Mais au fait, cette réforme, c’est uniquement pour être juste, ou il y a un vrai problème ? Je crois… Je ne me souviens plus, tout le monde ne parle que de justice. Pourtant, si la caisse des retraites ne pouvait plus payer un centime, ce serait un super argument ! Je crois que je le comprendrais mieux, les cheminots aussi, certainement.
La voix lancinante de la pensée du parti (néo-libéral) se fraye encore un chemin jusqu’à mon cerveau. Je ne sais pas d’où elle vient, peut-être des fréquences inaudibles dans la voix de Monsieur Bertrand ? Un nouvel effet, comme des images subliminales sonores… Alors il y a nous, tout le monde, et il y a les privilégiés qui ont un régime « spécial » (ça veut tout dire…). Ce n’est pas juste. C’est ce qu’il faut que je pense… Ce n’est pas parce qu’il y a un problème, la France va super bien depuis que Zorro est arrivé, mais c’est juste qu’il y a toute une bande de privilégiés là, qu’il faut remettre au travail. Le travail, ça, c’est une valeur, avec la justice.
Alors voilà, Zorro est arrivé, il a vu une injustice, ni une ni deux, il lui a tordu le cou. Plus de régimes trop spéciaux, tout le monde à 40 années !

Monsieur Bertrand insiste : il est prêt à négocier… Sauf sur ce qu’il n’est pas prêt à négocier. Ça c’est très fort. Il ne sourit pas, ne semble pas spécialement fier de son entourloupe. Encore une fois, la honte me gagne face à mon inculture. Il y a eu des négociations avant ? Parce qu’il me semble qu’un truc comme ça, on doit forcément le discuter avec les intéressés. Ça vous plairait, vous, qu’on vous dise : « Tiens, ça je te le retire… Parce que c’est juste. » Vous râleriez non ? Je veux dire, si vous en aviez les moyens, si vous saviez que vous pouvez paralyser un pays et faire plier un gouvernement, vous n’essaieriez pas ? Vous reconnaîtriez immédiatement la bienveillante justice du propos ?
Un jour, je vais venir chez monsieur Bertrand et je vais lui dire : « Salut, je te prends ta maison, ce n’est pas négociable, mais si tu veux on peut parler de la tondeuse à gazon… ». Peut-être qu’il acceptera…

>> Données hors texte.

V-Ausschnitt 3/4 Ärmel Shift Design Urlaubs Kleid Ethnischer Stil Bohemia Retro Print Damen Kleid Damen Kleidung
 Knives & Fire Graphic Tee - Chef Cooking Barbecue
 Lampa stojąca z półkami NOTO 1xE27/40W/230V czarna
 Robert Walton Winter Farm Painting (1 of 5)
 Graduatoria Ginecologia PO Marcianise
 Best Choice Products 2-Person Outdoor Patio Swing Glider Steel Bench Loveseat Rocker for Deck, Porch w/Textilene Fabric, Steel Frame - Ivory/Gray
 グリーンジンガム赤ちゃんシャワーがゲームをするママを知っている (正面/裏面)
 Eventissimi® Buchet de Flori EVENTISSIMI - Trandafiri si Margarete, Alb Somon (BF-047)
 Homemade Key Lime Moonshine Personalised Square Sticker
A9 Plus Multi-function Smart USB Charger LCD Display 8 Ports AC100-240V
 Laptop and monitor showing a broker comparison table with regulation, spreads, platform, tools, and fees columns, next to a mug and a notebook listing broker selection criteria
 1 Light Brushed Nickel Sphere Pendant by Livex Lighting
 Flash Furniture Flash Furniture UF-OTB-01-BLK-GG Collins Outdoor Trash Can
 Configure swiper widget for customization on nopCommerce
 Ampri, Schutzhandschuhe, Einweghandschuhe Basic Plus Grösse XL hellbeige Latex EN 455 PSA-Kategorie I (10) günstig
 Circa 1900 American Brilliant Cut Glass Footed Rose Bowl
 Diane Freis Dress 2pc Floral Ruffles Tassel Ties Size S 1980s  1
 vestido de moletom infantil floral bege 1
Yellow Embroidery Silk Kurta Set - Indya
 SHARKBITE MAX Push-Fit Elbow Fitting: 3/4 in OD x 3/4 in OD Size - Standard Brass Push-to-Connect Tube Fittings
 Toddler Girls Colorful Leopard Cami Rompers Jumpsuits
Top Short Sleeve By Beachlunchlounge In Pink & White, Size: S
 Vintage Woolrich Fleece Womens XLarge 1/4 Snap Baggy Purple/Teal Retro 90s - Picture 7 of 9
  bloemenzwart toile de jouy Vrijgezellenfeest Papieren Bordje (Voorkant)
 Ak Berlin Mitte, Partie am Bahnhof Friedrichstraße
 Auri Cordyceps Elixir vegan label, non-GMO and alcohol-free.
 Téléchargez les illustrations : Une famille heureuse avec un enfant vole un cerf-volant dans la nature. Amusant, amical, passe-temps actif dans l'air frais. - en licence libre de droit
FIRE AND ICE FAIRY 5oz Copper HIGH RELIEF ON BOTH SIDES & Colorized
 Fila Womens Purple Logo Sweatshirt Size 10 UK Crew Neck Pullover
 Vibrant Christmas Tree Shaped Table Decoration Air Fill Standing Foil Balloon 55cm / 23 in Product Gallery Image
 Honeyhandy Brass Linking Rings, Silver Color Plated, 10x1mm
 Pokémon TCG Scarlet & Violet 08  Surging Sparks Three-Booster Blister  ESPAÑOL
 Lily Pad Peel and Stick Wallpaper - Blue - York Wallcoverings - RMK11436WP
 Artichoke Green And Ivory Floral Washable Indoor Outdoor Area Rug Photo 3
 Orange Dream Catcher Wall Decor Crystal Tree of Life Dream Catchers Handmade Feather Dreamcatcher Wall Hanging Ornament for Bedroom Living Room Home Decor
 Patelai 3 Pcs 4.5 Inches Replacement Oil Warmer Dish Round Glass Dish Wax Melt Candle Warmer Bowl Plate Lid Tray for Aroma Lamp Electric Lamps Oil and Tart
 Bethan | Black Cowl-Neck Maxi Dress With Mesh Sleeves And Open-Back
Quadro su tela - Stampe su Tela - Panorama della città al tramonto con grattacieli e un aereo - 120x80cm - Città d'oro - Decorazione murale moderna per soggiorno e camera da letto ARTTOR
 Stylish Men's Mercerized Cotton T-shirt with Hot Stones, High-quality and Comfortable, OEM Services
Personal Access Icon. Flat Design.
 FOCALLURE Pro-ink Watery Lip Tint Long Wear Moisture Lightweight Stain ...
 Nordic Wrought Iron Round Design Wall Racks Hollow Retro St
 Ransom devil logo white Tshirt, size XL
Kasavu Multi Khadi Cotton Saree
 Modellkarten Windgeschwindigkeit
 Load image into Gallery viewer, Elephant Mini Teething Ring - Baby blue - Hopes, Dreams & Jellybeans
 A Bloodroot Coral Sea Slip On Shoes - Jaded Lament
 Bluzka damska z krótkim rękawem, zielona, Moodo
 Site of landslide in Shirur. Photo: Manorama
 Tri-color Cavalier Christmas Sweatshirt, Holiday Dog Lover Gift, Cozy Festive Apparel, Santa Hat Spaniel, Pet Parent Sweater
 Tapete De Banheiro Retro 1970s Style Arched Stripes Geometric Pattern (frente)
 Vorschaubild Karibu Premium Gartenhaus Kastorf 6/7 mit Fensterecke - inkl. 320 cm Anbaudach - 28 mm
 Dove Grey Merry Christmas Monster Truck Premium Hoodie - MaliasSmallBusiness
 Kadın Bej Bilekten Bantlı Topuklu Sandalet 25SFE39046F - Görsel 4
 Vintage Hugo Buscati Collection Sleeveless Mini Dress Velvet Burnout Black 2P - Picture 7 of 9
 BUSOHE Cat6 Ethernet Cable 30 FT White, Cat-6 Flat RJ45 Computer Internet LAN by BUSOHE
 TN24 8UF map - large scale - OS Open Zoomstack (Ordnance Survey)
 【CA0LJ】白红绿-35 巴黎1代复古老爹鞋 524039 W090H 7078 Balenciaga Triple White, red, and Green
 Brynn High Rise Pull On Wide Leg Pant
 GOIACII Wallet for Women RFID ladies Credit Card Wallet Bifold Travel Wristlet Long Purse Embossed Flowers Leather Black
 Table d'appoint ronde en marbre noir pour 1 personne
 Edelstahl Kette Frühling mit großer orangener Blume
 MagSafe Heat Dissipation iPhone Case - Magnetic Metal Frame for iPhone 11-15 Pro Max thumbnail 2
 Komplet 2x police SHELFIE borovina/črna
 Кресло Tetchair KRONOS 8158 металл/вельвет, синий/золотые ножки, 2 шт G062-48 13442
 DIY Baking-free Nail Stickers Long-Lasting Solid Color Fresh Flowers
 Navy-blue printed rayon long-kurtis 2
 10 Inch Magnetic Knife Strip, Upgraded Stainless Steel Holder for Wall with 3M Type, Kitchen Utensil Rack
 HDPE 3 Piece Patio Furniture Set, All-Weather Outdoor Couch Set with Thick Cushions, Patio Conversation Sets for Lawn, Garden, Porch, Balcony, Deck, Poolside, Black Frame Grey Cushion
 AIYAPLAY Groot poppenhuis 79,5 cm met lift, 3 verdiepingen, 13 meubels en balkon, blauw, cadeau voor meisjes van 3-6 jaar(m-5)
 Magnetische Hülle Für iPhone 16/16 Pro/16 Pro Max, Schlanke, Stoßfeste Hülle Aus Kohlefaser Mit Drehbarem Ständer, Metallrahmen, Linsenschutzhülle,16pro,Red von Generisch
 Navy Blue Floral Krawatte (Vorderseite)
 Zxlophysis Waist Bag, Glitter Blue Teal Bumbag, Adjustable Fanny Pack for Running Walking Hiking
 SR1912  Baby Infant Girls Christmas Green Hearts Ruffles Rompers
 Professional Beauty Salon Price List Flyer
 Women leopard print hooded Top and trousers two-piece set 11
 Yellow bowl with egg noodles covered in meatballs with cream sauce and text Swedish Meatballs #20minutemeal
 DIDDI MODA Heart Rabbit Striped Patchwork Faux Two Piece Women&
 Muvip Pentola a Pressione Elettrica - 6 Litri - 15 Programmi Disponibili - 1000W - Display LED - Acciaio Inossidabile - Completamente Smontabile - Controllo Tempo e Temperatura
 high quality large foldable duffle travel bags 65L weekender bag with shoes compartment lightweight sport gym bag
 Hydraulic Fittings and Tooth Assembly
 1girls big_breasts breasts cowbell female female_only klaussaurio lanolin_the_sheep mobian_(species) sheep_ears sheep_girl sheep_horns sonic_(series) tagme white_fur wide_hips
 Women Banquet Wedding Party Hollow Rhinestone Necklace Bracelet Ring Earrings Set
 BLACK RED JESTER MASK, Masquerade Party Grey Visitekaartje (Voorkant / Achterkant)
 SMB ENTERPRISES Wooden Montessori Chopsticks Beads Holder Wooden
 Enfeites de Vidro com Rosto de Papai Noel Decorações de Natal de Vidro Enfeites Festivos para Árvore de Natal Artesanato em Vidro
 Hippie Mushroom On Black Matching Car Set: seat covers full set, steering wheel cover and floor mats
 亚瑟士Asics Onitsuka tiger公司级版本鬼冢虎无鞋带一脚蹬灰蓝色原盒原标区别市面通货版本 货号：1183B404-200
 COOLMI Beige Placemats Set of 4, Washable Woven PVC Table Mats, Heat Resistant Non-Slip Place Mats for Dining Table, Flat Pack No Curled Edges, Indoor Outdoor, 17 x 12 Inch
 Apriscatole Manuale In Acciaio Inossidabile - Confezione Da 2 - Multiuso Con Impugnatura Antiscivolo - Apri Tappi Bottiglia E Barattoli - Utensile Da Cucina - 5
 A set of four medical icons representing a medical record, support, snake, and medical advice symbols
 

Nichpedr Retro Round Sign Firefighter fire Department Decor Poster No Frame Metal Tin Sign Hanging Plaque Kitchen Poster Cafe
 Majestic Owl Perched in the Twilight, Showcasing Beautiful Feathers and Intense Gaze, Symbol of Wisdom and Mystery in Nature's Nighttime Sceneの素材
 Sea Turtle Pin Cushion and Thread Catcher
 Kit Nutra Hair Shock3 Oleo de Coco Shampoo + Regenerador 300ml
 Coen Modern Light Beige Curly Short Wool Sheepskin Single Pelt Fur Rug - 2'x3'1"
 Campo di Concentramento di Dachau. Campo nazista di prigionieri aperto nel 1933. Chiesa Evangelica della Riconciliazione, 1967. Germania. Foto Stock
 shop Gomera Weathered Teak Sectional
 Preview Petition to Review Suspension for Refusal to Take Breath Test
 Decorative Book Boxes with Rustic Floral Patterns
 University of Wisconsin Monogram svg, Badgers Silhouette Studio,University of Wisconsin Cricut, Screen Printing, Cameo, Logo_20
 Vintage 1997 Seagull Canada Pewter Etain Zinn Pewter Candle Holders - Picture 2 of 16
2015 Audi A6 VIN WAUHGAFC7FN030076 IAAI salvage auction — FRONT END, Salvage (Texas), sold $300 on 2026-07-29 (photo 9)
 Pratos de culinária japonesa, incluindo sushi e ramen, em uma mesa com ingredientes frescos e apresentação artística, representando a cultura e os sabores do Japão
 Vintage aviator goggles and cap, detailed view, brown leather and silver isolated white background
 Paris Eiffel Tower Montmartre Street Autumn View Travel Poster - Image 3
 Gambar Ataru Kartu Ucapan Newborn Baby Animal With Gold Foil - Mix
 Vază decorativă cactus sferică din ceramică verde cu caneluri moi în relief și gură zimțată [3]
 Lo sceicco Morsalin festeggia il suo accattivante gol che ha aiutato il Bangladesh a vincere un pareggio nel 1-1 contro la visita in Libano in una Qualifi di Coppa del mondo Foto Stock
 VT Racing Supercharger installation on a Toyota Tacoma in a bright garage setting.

Je rigole, je rigole… Mais je finis par ne pas trop m’amuser. Alors j’écris un article.
Je crois qu’il y avait bien des façons de négocier cette réforme (peut-être nécessaire, je le répète, je ne veux pas juger de ça ici). Le premier moyen, qui n’aurait pas soulevé la moindre vague, aurait été de changer simplement les conditions d’embauche des nouveaux salariés. Là, pas d’entourloupe, le nouvel arrivé sait à quoi s’en tenir. La situation est-elle à ce point catastrophique que cette mesure « douce » n’aurait pas suffit ? Et est-ce que les mesures de compensations, maintenant envisagées par le gouvernement et les entreprises pour sortir du conflit sans céder, ne coûteront pas autant ? Bon, soit ! Mais il y avait des solutions intermédiaires. Ils auraient par exemple pu proposer un échelonnement selon l’ancienneté : un tout jeune embauché passe aux 40 années, mais le gars dont je parlais tout à l’heure, lui, pourrait garder sa retraite dans 6 mois. Je crois qu’il y aurait déjà eu moins de problèmes… Bref, si on veut parler de négociations, il y avait matière.
J’arrive très bien à imaginer ce que pourraient être les négociations sur un sujet pareil. Tout d’abord, elles doivent forcément partir d’un constat : s’il n’y a aucun problème, pourquoi faudrait-il changer quelque chose ? Après on discute : « Il faut que vous cotisiez plus pour payer les retraites de vos ainés. », « Non, je ne veux pas, je veux partir en retraite comme prévu, c’est dans mon contrat. », « Oui, mais ce n’est pas possible. », « Ah… ? », « Alors, qu’est-ce qu’on fait ? ». Après il faut voir… C’est une négociation classique, où chacun peut faire des concessions petit à petit, mais la marge de négociation est large entre ne rien changer et imposer 40 années tout de suite pour tout le monde.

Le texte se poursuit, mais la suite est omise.